In contrast, M-MDSCs from 3wpi mice had a significant impairment, but not complete abrogation, of the suppression T-cell responses, as compared to M-MDSCs from 5wpi mice (Fig 1C). Addition of the iNOS inhibitor completely blocked the suppression of T-cell responses by M-MDSCs from 5wpi mice, but surprisingly, did not block the lower level of suppression of T-cell responses by M-MDSCs from 3wpi mice (Fig 1C, D). These data indicated that 3wpi M-MDSCs suppressed T-cell responses in an iNOS-independent manner, in contrast to the iNOS-dependent manner of 5wpi M-MDSCs.

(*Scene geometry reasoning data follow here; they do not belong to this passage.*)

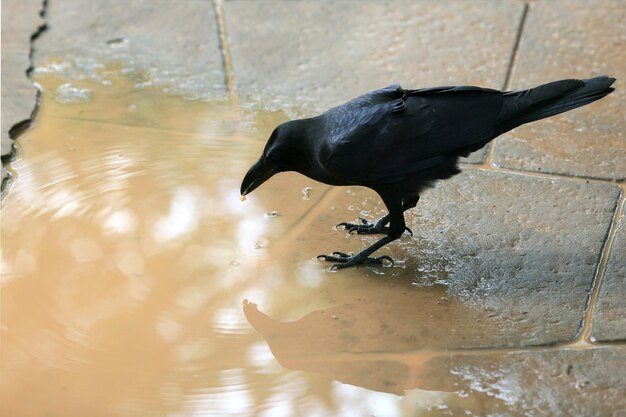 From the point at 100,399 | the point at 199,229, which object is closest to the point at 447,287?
the point at 199,229

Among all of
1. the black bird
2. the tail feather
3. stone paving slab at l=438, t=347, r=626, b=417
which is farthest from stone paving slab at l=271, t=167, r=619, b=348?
the tail feather

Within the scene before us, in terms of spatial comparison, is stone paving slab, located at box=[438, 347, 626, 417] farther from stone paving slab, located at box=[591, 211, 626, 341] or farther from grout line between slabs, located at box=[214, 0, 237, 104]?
grout line between slabs, located at box=[214, 0, 237, 104]

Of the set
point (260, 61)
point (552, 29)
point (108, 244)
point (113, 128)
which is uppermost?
point (552, 29)

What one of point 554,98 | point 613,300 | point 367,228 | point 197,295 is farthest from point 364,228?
point 613,300

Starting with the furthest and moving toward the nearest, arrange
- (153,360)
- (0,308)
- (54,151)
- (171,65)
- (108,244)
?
(171,65)
(54,151)
(108,244)
(0,308)
(153,360)

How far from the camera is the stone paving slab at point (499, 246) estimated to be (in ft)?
10.6

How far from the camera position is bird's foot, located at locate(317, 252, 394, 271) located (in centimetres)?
355

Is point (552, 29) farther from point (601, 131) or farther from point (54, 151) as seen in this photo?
point (54, 151)

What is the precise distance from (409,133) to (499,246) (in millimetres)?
660

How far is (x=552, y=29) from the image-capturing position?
5.36 metres

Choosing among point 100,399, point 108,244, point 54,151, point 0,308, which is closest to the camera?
point 100,399

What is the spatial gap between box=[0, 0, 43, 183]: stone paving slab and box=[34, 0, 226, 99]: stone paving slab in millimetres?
97

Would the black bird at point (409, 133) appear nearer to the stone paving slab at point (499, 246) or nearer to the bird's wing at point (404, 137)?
the bird's wing at point (404, 137)

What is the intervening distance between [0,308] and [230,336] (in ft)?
3.02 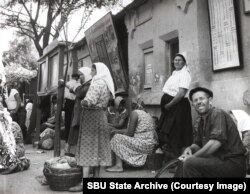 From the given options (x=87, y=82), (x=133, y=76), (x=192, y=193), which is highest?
(x=133, y=76)

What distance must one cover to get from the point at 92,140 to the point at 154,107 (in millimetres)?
3319

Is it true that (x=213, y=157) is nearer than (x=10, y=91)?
Yes

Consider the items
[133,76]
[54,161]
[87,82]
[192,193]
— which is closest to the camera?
[192,193]

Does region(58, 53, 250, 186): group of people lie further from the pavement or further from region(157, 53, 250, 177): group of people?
the pavement

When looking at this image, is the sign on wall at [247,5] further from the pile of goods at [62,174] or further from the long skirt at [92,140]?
the pile of goods at [62,174]

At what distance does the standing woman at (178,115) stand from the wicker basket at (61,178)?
1.64 m

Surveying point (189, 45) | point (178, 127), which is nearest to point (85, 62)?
point (189, 45)

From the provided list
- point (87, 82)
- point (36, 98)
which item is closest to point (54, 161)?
point (87, 82)

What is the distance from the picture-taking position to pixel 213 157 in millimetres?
3162

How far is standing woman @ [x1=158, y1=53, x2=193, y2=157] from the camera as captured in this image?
5207 millimetres

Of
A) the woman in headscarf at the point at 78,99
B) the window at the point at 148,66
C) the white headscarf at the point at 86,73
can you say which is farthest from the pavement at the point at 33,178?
the window at the point at 148,66

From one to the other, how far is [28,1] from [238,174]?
13.8 metres

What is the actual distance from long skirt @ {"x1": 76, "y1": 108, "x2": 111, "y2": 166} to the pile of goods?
182mm

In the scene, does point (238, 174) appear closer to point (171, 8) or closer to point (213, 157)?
point (213, 157)
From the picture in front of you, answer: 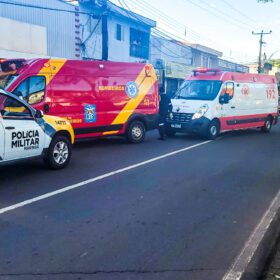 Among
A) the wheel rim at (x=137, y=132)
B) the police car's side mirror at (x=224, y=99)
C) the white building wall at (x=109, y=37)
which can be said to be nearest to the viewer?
the wheel rim at (x=137, y=132)

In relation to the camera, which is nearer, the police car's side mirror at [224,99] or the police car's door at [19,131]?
the police car's door at [19,131]

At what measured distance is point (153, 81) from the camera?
42.2ft

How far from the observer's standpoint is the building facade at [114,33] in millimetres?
22578

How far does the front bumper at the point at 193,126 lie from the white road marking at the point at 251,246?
740 cm

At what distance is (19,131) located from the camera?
23.3 ft

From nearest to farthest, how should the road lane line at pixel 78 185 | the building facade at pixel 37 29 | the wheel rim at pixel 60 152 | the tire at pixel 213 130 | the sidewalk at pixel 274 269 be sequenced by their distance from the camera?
the sidewalk at pixel 274 269
the road lane line at pixel 78 185
the wheel rim at pixel 60 152
the tire at pixel 213 130
the building facade at pixel 37 29

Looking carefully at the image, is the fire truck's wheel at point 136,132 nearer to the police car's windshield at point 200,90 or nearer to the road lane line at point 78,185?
the road lane line at point 78,185

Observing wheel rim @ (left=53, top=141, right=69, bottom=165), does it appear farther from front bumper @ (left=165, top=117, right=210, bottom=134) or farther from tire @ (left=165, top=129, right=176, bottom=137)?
tire @ (left=165, top=129, right=176, bottom=137)

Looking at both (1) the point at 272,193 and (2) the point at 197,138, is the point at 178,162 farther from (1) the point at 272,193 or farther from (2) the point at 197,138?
(2) the point at 197,138

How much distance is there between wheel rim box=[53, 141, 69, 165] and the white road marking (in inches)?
172

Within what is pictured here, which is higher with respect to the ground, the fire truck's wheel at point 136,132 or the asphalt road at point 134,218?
the fire truck's wheel at point 136,132

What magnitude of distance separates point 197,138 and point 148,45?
678 inches

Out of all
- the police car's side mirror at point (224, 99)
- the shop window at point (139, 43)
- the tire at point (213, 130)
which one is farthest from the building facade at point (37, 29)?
the tire at point (213, 130)

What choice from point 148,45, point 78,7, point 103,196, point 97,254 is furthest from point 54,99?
point 148,45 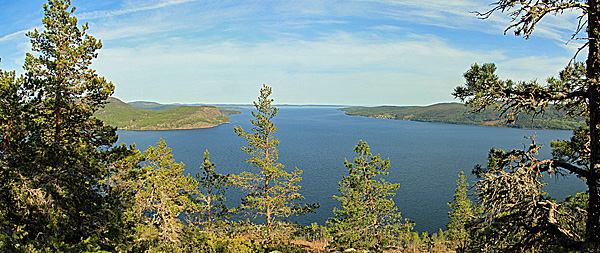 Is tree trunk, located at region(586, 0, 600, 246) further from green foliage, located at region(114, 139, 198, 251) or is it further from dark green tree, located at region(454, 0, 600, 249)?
green foliage, located at region(114, 139, 198, 251)

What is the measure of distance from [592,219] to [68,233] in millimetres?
10965

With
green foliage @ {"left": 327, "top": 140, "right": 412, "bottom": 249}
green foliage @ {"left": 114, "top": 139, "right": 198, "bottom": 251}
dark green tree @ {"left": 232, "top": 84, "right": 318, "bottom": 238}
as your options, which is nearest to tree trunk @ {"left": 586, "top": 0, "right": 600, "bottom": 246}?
green foliage @ {"left": 114, "top": 139, "right": 198, "bottom": 251}

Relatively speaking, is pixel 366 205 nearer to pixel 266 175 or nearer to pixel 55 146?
pixel 266 175

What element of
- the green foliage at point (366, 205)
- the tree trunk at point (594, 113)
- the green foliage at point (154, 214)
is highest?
the tree trunk at point (594, 113)

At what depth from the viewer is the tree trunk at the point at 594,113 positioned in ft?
16.5

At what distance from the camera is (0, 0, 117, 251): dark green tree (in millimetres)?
7887

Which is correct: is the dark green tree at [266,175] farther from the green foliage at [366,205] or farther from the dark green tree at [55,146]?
the dark green tree at [55,146]

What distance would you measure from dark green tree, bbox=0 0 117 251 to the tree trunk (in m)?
9.69

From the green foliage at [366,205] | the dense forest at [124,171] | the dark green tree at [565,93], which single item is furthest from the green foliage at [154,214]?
the green foliage at [366,205]

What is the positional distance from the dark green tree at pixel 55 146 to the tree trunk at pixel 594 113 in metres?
9.69

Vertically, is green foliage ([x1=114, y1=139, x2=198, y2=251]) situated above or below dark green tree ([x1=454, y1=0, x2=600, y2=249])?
below

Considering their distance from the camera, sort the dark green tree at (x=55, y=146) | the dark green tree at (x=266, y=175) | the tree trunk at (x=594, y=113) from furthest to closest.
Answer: the dark green tree at (x=266, y=175) → the dark green tree at (x=55, y=146) → the tree trunk at (x=594, y=113)

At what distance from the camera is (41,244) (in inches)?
299

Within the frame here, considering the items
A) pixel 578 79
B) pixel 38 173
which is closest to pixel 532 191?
pixel 578 79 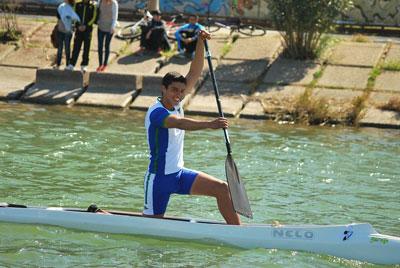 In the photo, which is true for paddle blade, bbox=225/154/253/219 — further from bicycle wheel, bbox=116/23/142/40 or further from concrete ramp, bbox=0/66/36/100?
bicycle wheel, bbox=116/23/142/40

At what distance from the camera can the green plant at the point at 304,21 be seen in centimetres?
1977

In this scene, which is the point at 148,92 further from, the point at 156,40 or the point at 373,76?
the point at 373,76

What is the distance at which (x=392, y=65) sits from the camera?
19.6m

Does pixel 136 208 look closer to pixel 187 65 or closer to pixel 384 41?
pixel 187 65

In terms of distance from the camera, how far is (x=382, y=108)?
1806cm

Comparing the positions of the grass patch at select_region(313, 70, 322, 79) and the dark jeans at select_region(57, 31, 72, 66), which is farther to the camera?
the grass patch at select_region(313, 70, 322, 79)

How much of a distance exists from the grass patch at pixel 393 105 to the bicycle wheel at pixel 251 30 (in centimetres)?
462

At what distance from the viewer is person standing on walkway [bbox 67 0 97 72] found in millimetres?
19103

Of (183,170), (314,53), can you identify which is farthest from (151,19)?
(183,170)

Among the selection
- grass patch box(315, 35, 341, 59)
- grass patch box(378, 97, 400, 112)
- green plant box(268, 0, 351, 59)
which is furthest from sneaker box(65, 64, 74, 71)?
grass patch box(378, 97, 400, 112)

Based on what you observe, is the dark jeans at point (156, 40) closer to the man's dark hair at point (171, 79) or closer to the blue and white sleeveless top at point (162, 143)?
the blue and white sleeveless top at point (162, 143)

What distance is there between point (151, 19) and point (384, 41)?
5.22m

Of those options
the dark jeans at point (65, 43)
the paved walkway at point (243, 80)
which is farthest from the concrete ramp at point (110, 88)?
the dark jeans at point (65, 43)

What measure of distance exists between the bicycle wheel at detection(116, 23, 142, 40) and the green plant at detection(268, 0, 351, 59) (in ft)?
9.94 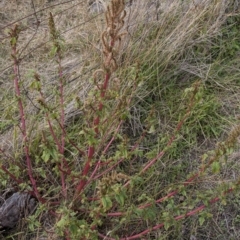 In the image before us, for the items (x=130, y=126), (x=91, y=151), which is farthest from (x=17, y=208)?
(x=130, y=126)

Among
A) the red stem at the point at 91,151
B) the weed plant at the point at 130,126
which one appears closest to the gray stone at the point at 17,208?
the weed plant at the point at 130,126

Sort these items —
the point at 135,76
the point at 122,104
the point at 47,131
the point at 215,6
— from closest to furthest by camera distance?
the point at 122,104, the point at 135,76, the point at 47,131, the point at 215,6

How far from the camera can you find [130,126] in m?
2.58

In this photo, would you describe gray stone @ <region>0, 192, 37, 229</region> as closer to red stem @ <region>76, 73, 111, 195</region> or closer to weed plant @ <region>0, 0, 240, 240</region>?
weed plant @ <region>0, 0, 240, 240</region>

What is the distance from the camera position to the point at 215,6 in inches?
120

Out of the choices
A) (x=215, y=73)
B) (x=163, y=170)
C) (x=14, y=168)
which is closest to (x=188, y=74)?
(x=215, y=73)

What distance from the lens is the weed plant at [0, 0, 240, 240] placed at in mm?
1821

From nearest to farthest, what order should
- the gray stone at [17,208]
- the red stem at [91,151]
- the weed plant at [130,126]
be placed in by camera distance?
the red stem at [91,151], the weed plant at [130,126], the gray stone at [17,208]

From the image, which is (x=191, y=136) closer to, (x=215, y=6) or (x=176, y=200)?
(x=176, y=200)

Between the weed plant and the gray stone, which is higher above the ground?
the weed plant

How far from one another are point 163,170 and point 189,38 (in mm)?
1045

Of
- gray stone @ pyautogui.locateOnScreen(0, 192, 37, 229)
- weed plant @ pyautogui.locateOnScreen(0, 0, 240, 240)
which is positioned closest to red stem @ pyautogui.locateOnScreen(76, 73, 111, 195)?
weed plant @ pyautogui.locateOnScreen(0, 0, 240, 240)

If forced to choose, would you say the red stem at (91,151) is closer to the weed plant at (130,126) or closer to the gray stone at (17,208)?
the weed plant at (130,126)

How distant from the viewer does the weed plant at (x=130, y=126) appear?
1821 millimetres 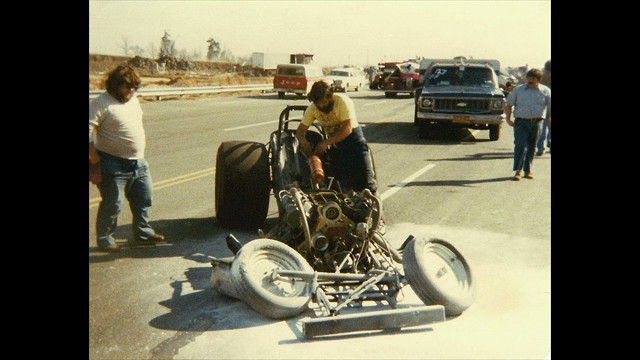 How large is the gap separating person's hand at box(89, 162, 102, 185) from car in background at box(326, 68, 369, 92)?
1.71m

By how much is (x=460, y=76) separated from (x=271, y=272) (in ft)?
23.2

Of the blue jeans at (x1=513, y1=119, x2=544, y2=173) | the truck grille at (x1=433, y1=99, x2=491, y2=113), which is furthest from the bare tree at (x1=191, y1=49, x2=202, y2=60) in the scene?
the truck grille at (x1=433, y1=99, x2=491, y2=113)

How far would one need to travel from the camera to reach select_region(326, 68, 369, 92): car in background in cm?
384

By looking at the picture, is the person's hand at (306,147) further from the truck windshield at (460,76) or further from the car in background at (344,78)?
the truck windshield at (460,76)

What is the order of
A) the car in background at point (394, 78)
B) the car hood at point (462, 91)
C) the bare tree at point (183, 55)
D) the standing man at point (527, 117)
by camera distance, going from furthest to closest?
the car hood at point (462, 91) < the standing man at point (527, 117) < the car in background at point (394, 78) < the bare tree at point (183, 55)

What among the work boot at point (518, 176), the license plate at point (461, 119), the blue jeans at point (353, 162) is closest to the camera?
the blue jeans at point (353, 162)

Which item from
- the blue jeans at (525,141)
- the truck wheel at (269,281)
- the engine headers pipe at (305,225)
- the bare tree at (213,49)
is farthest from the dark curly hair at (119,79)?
the blue jeans at (525,141)

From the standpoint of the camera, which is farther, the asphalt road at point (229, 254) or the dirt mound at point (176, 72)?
the asphalt road at point (229, 254)

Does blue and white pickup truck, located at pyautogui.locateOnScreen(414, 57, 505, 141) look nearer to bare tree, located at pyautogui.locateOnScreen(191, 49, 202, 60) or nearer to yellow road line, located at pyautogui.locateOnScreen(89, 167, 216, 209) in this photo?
yellow road line, located at pyautogui.locateOnScreen(89, 167, 216, 209)

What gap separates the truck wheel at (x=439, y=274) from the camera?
3.44 meters

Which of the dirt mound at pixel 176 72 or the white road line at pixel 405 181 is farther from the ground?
the dirt mound at pixel 176 72

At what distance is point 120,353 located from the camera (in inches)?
107

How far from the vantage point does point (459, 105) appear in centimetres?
807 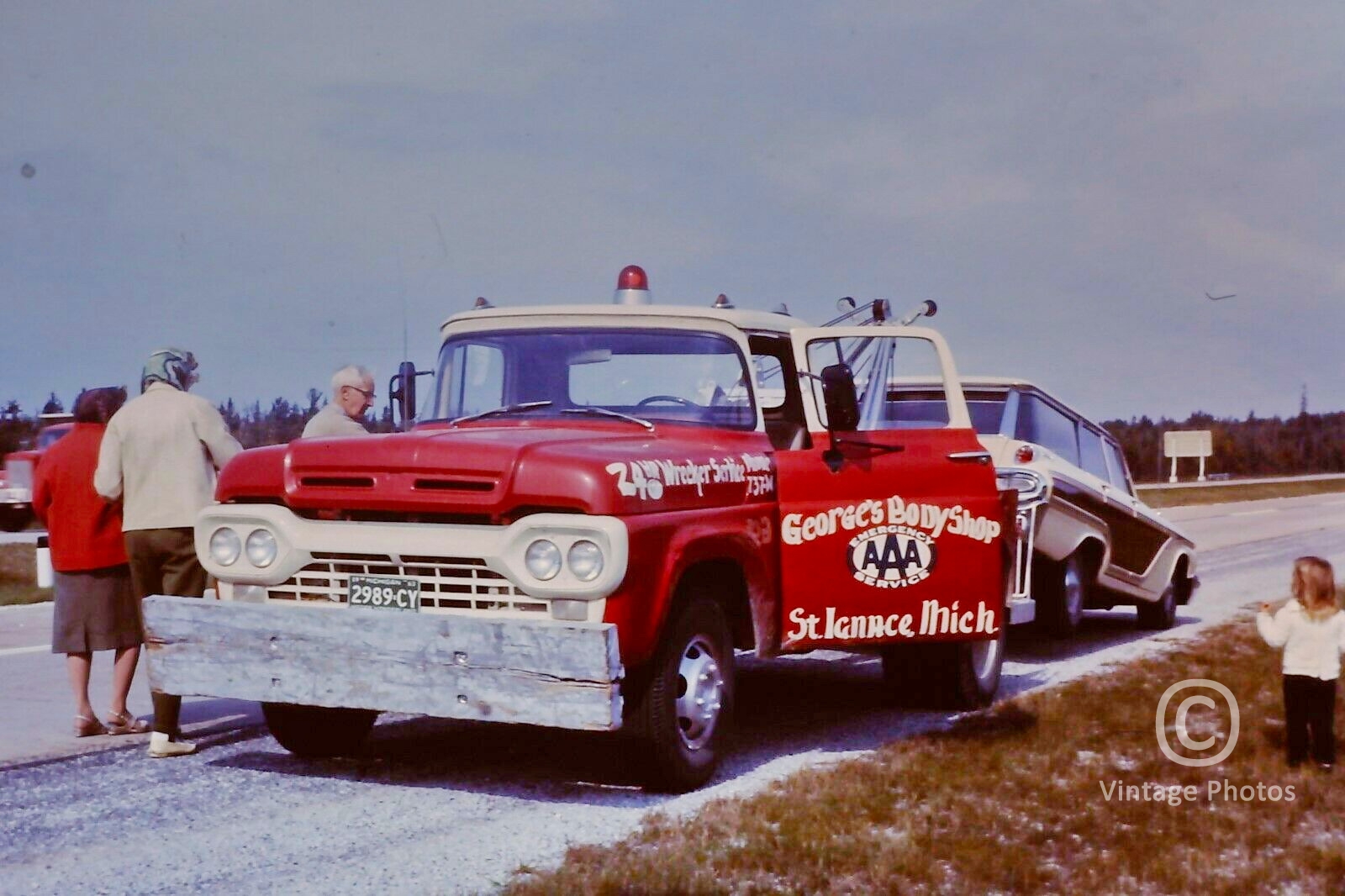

As measured by Griess reagent, NO produced in suppression assays containing M-MDSCs from 3wpi mice, was significantly lower than cultures containing M-MDSCs from 5wpi mice (Fig 1E). Therefore, the amount of NO produced by M-MDSCs, in vitro, from 3wpi mice may not be sufficient for an iNOS-dependent mechanism of suppression of T-cell responses. These collective data indicated that suppression of T- versus B- cell responses, and/or suppression via an iNOS/NO dependent mechanism, by M-MDSCs may proceed at different kinetic rates post infection, suggesting that subpopulations within these heterogeneous cells may display differential suppression of T- and B-cell responses.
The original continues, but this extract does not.